Beiträge von WorkingDogs

    Ich trainiere das erfolgreich in der Praxis. Man baut das mit Motivation und Strafe auf wenn es denn zuverlässig klappen soll, der Hund soll ja nicht nur leichter warten, sondern auch zuverlässig.

    Kannst du da deinen konkreten Aufbau beschreiben? Das würde mich total interessieren

    Der Hund kennt ein Nein aus dem Alltag, das können die früh weil ich wenig umlenke sondern Möbel ankauen und so verbiete. Und dann liegt am Ende der Fährte ein döschen Nassfutter, wir machen die Übung hinlegen zum anzeigen, will der Hund an die Dose gibt’s halt nen verbot, macht er es korrekt freue ich mich und öffne die Dose, Hund muss warten und darf dann auf Freigabe fressen.
    Das ist viel lernen im Prozess und gar nicht so „Aufbau“. Der Einstieg ist im Grunde: Verbot von vorgreifen und Fehlverhalten, Anzeigeverhalten an verpackter Dose üben und das dann festigen und trainieren und die Schwierigkeit erhöhen. Immer wenn der Hund vorgreifen will verbietet man das halt. Der Rest ist ganz normales Training über Motivation. Ich hab später dann zum Beispiel ein großes Stück Pansen am Ende der Fährte und das muss angezeigt werden und erst auf Freigabe darf gefressen werden. Es geht ja nicht darum den Hund zu zwingen anzuzeigen, das machen die doch easy gerne. Lediglich darum die unerwünschten „Ideen“ zu verbieten und dem Hund einen klaren Rahmen zu geben.

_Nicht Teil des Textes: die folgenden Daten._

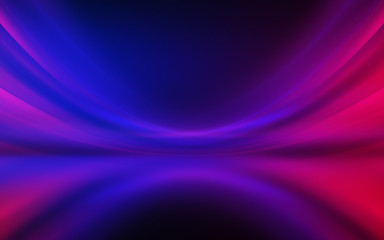Poster - Empty dark abstract background. Background of empty show scene. Glow of neon lights and neon figures on an empty concert stage. Reflection of light on the pavement.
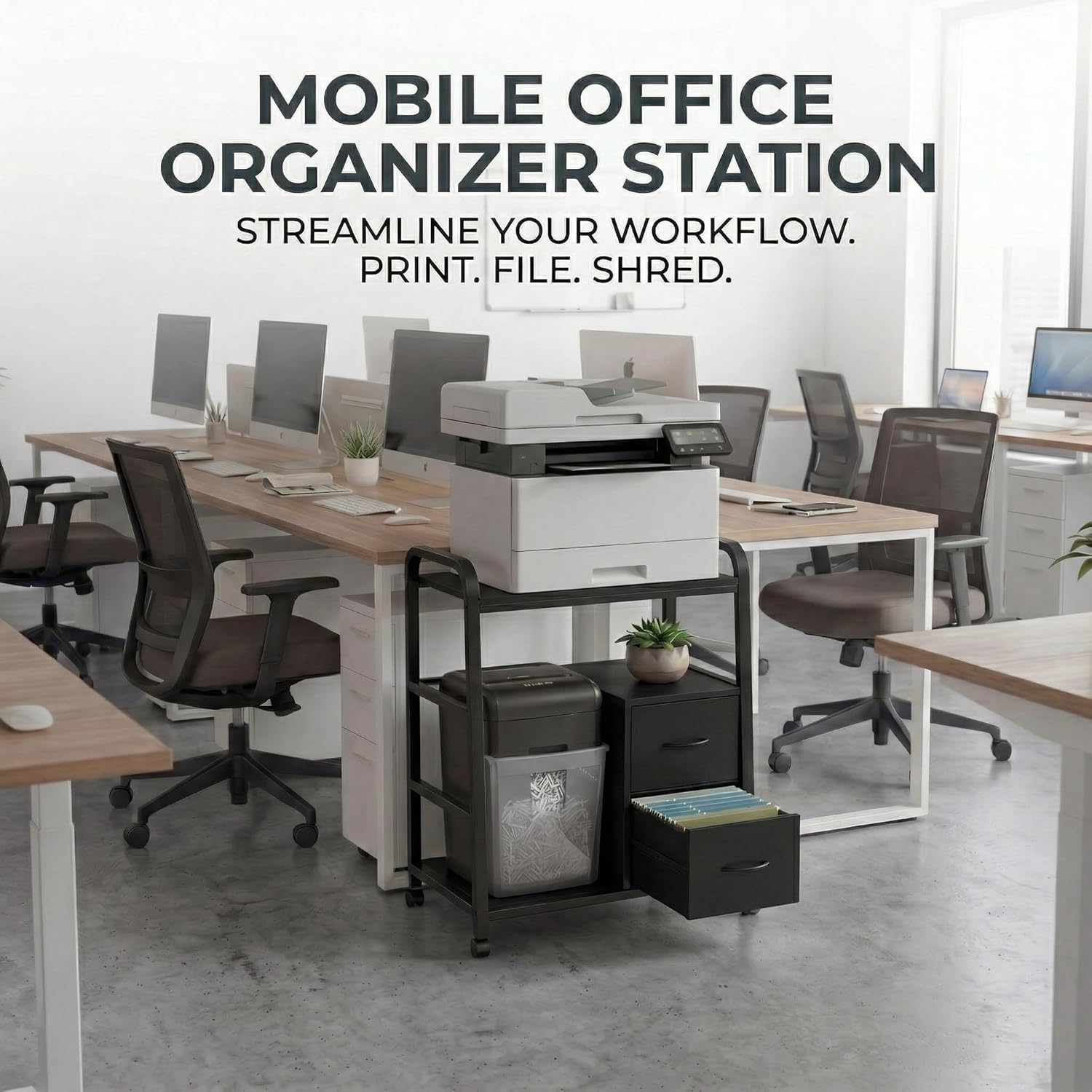 Printer Stand Featuring Fabric Drawers, Under Desk Host Computer Cabinet and Shredder Shelf, Heavy Duty Printer Stand with Storage Workstation Organization Printer Table for Home Office - Image 10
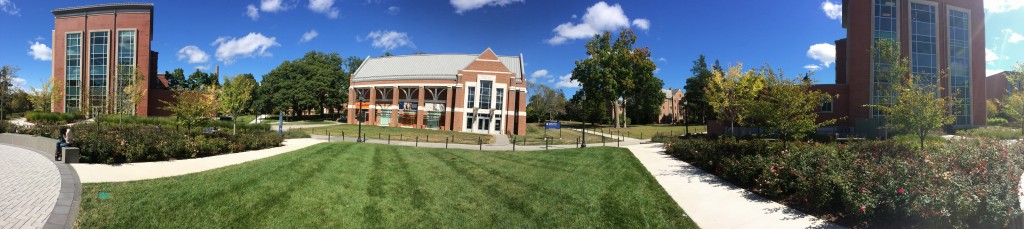 A panoramic view of The Benton from the Student Union Green (Photo: Sam MacKay)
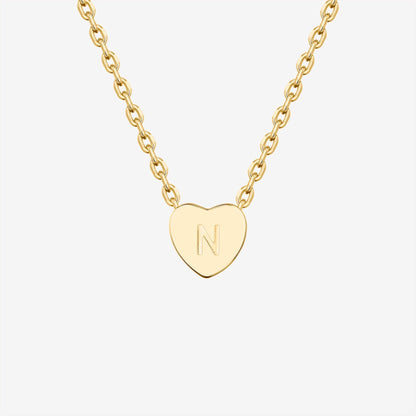Dainty Heart Initial Necklace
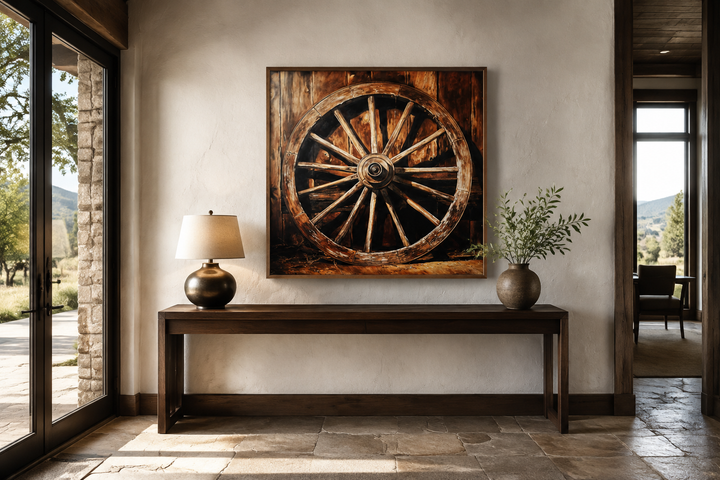 Wagon Wheel Wild West Framed Canvas Wall Art above a wooden console table in a rustic entryway.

    Ich übe das halt nicht trocken, sondern direkt im Kontext. Würde ich das unterwegs wollen (was ich nicht tue) würde ich die Döschen mit zum gassi nehmen und in dem Kontext üben und halt nicht im Wohnzimmer und erst beim gassi wenn der Hund das im Wohnzimmer kann. Ich arbeite auch nie reizarm, ich finde das kontraproduktiv.

    Da hätte ich glaube ich Angst dass der Hund dann doch mal nen Giftköder anzeigt, nich warten kann und dann frisst weil er ja weiss das er es eh kriegt

    Ging mir erst auch so, aber ich verstehe die Argumentation dahinter. Wenn der Hund etwas sehr reizvolles findet, ist es für ihn leichter, auf die Belohnung zu warten, in der Erwartung, dass er auf das Gefundene hinterher nicht verzichten muss.
    Wenn mans über Vermeidung aufbaut, muss man ja auch die Sorge haben, dass es in dem Moment doch zu verlockend ist, um nicht eben schnell hinzulangen.

    Ich trainiere das erfolgreich in der Praxis. Man baut das mit Motivation und Strafe auf wenn es denn zuverlässig klappen soll, der Hund soll ja nicht nur leichter warten, sondern auch zuverlässig.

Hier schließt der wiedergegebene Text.